The first patient sits up in her bed as I enter. She smiles. I say hi, ask her how she’s doing.

The time-honored rituals.

History. Exam. Assessment. Plan. 3/
I ask her if she has any questions.

She shakes her head, but her smile belies an underlying worry.

Why?

My Helper speaks quietly, “She worries about her pet dog, at home. Someone was supposed to check on them, but they haven’t called.”

I nod, understanding. 4/
In the next room on my list is an elderly man with congestive heart failure.

As I go through the rituals, I notice my Helper walk to the window and stare outside at the rain pattering against the glass.

I ignore him, as I focus on the patient. His kidneys are failing. 5/
After I’ve explained things in detail, including treatment options, I ask the patient if he has any questions.

He shakes his head.

The Helper looks back from the window, “He wants to ask you if he’s dying. He senses his body is failing, and wishes someone would be honest.” 6/
In the hallway outside the room I try to get a good look at the Helper.

But I can’t see him clearly.

He looks blurry, out of focus. All I know is he’s wearing a short white coat.

Why is he here? Who is he?

I don’t know. Nobody sees him.

I move on to the next patient. 7/
An elderly woman wakes up slowly, as I greet her.

She looks to me with a blank stare. I begin to speak, introducing myself.

She nods, slowly rubbing her eyes.

We begin the visit.

I’m about halfway through when my Helper speaks up, “You’re wasting your time.”

I look up. 8/
“Excuse me?” My voice is tinged with irritation. Who IS this person, this Helper, who interrupts me so casually?

The Helper’s voice is quiet. “You’re standing to her left. Her hearing aid is out of batteries on the left. She can’t hear a word you’re saying.”

I sigh. 9/
Shifting position, I restart the visit, making sure she can hear me clearly.
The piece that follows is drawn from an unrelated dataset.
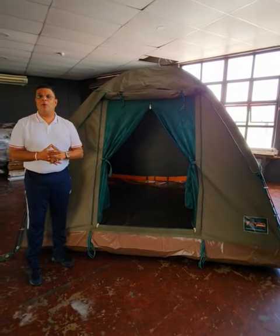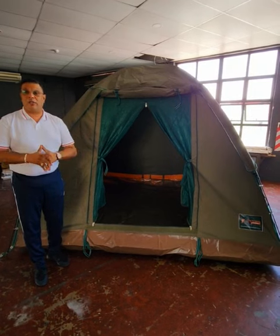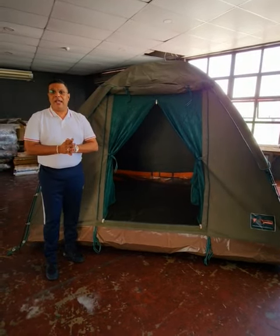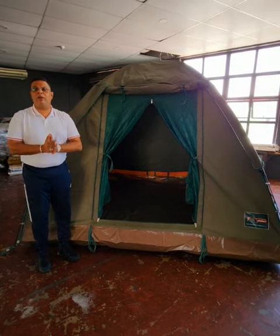Hi, good afternoon. My name is Mohamud. I'm from Renatof Canva International in South Africa — the world's largest tech manufacturer and best in Africa. We only manufacture the best products in the top 10 manufacturing facilities in the world.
Towards the end I go through the risks and benefits of dialysis, vs our other options.

She says she understands and wants to proceed with dialysis.

The Helper is sitting on a chair by the window. 10/
“Decisions have momentum. Does she really want dialysis, or are you giving her your own momentum? She doesn’t understand. She says she does, but she doesn’t. You’d know that, if you asked a few meaningful questions.” The Helper turns away.
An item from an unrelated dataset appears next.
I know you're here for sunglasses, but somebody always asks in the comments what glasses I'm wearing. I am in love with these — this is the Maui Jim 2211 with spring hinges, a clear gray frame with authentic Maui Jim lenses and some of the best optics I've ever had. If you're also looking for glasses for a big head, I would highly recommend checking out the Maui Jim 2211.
I sense their disgust with me. 11/
Outside the patient’s room, I finally confront the Helper, “Who are you? Are you God? An angel? A ghost?”

“Walk with me.” The Helper starts to walk, blurry and indistinct as always.

I follow.

We leave the hospital. The rain feels cool on my skin.

Forgiving. 12/
I am beginning to see the Helper clearly. The blurry outlines are coalescing.
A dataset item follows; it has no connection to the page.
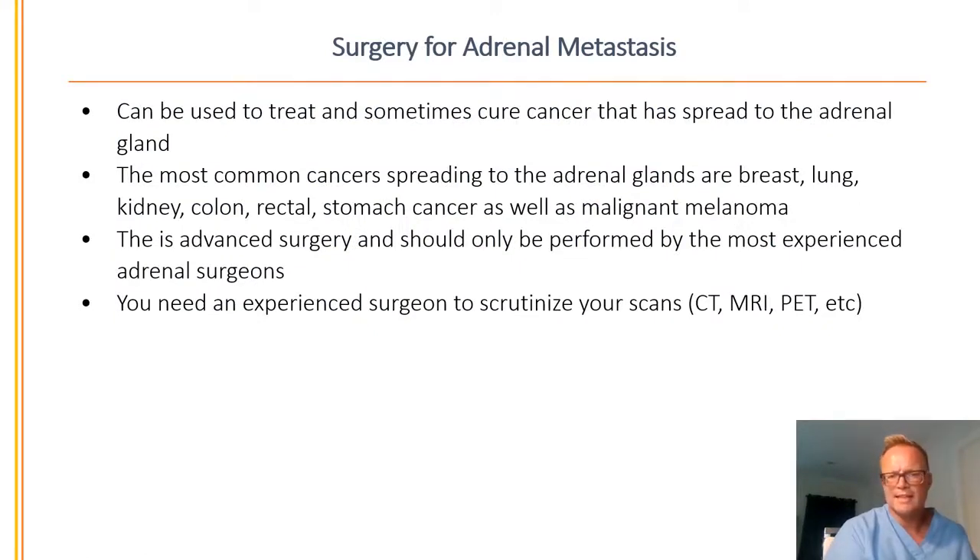Surgery for adrenal metastasis can be used to treat and sometimes cure cancer that has spread to the adrenal gland. The most common cancers spreading to the adrenal glands are breast, lung, kidney, colon, rectal, and stomach cancer, as well as malignant melanoma. This is very advanced surgery and should only be performed by the most experienced adrenal surgeons. You also need an experienced surgeon who is a better radiologist than the radiologist — scrutinizing your CT scan, MRI, and PET scan to decide what operation is best and come up with a plan.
When the Helper speaks, I now recognize their voice.

It’s my own.

“I’m not God. Just someone who had the time to sit with people, to listen to them.”

It’s me, when I was a medical student. 13/
He looks at me, and smiles sadly before speaking, “What happened to us? You aren’t who I thought I’d become. You aren’t seeing clearly. You aren’t listening. Numb.”

I nod, “Yeah, the last few months have been hard. There was this virus, a pandemic. I lost something.” 14/
He nods, lost in thought, “But the pandemic is over now, right?”

I shake my head, “It’s died down. Literally. But it’s just around the corner, waiting to surge. No vaccine. No strategy. Winter’s coming.”

He speaks quietly, “So you stay numb.”

I nod. 15/
We sit down on a bench beneath a tree. I’m wearing my mask. Younger me isn’t, but he’s just a figment of my imagination.

I remember what it felt like.

To be vulnerable, and allow empathy to send feelings that were never yours coursing through you.

To bear those burdens. 16/
COVID-19 has taken something from me. From so many of us.

We don’t talk about it.

We try to act like the tsunami crashed over us and everything is okay now, even as we wander through the wreckage in a daze.

We are lost in the aftermath.

We are the aftermath. 17/
What happens to a secret nobody remembers?

Does it cease to be?

There was something important I used to know.

Something that saved me, once.

Is it gone forever?

I look to my Helper, but he’s gone.

I’m just sitting alone, on a bench, in the steady rain.